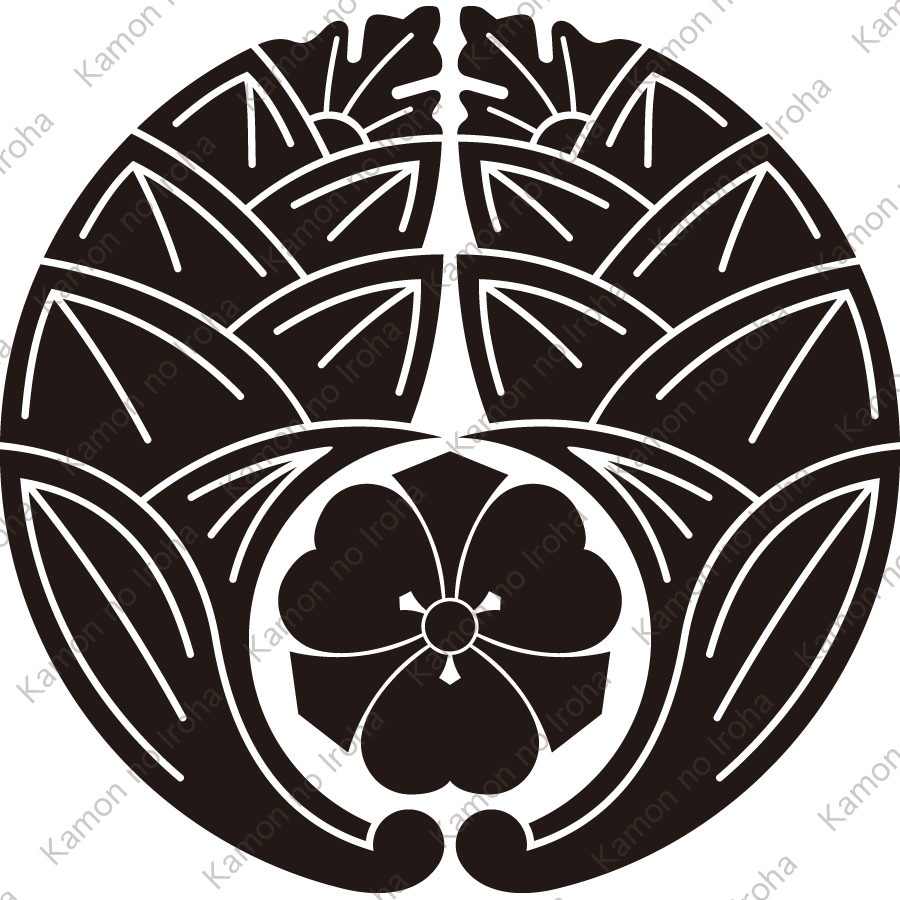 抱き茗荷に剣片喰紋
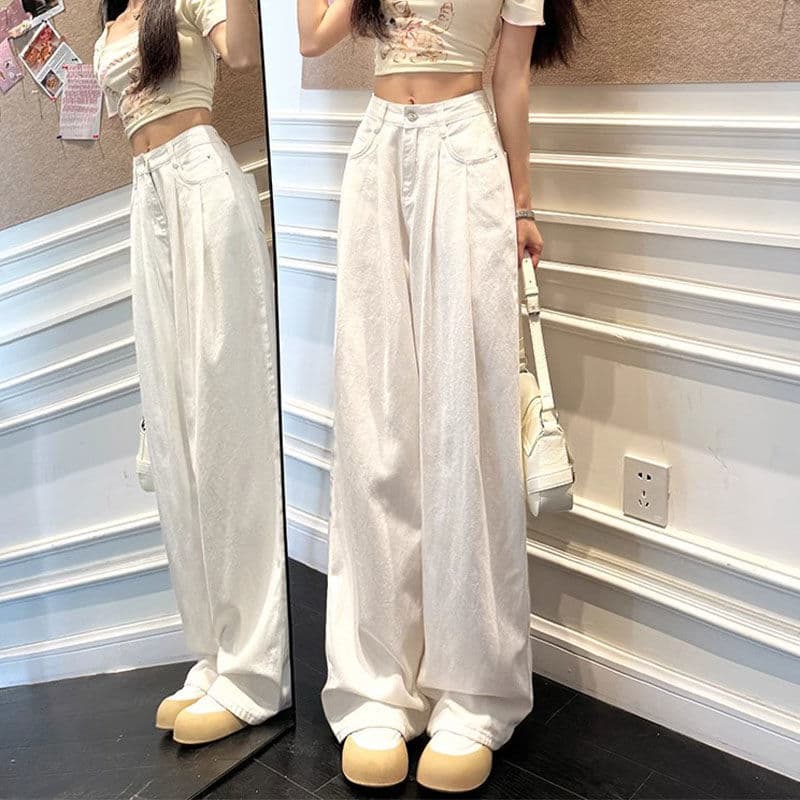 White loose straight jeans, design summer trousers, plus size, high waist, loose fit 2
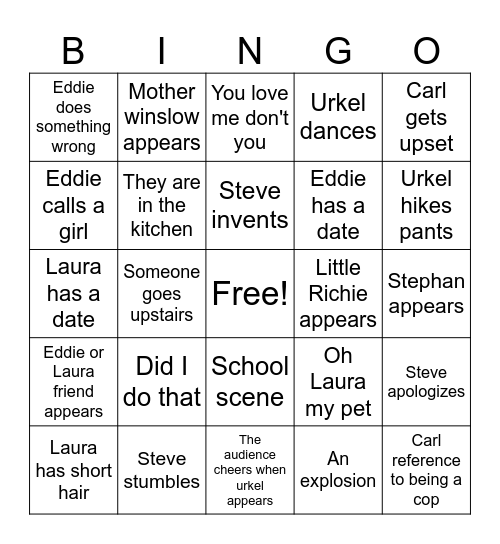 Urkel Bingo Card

* * *

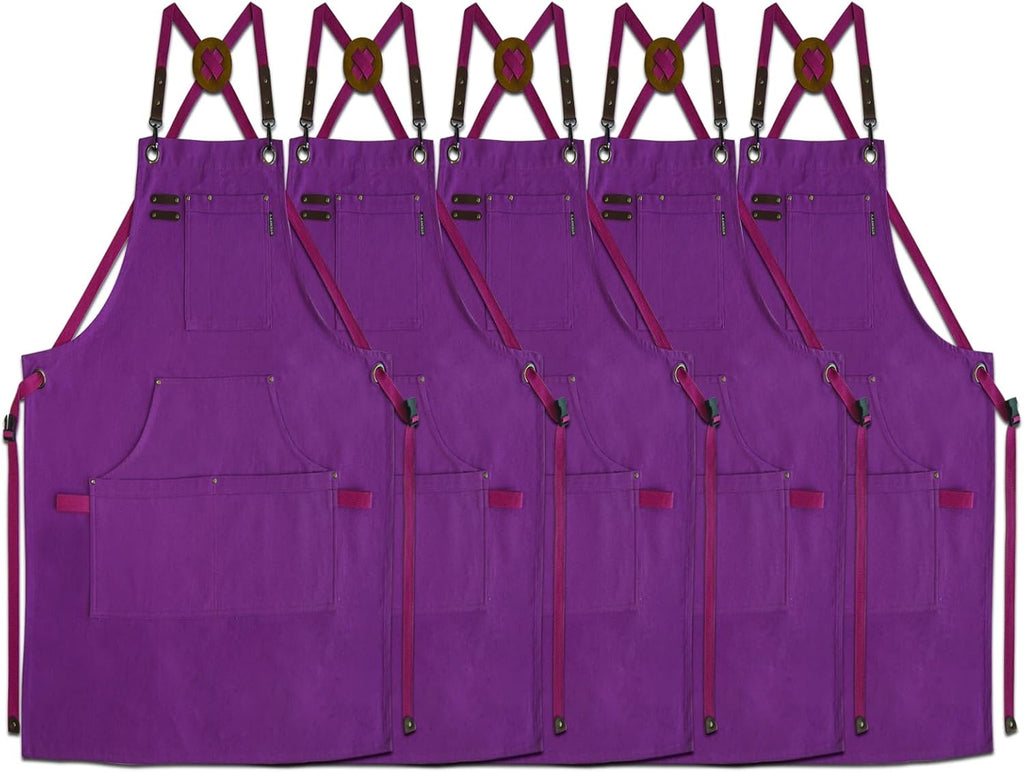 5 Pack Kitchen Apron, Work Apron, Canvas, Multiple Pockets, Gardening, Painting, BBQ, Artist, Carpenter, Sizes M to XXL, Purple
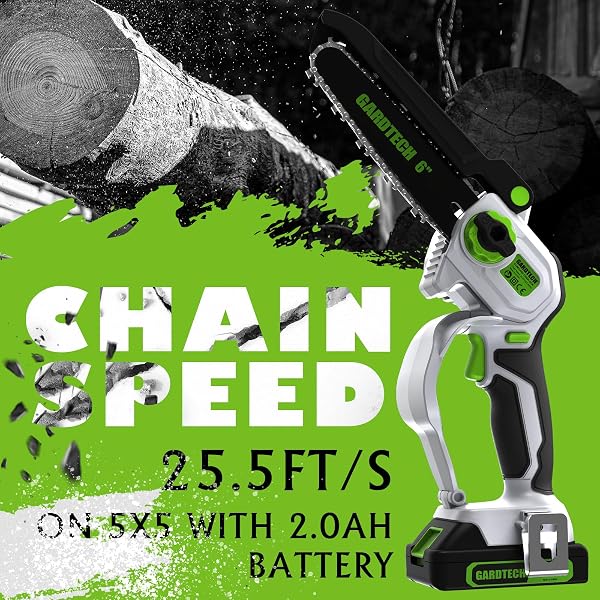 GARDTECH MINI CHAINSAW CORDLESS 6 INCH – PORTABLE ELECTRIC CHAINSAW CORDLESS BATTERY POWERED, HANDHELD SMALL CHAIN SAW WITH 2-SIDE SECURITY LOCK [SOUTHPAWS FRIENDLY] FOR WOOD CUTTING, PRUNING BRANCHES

● EXERCISE:
In the entries above, find the line containing "White loose straight" and the line containing "Urkel Bingo Card"; give again exactly those two lines and every line between them, minus the pictures.

● RESPONSE TO THE TASK:
 White loose straight jeans, design summer trousers, plus size, high waist, loose fit 2
 Urkel Bingo Card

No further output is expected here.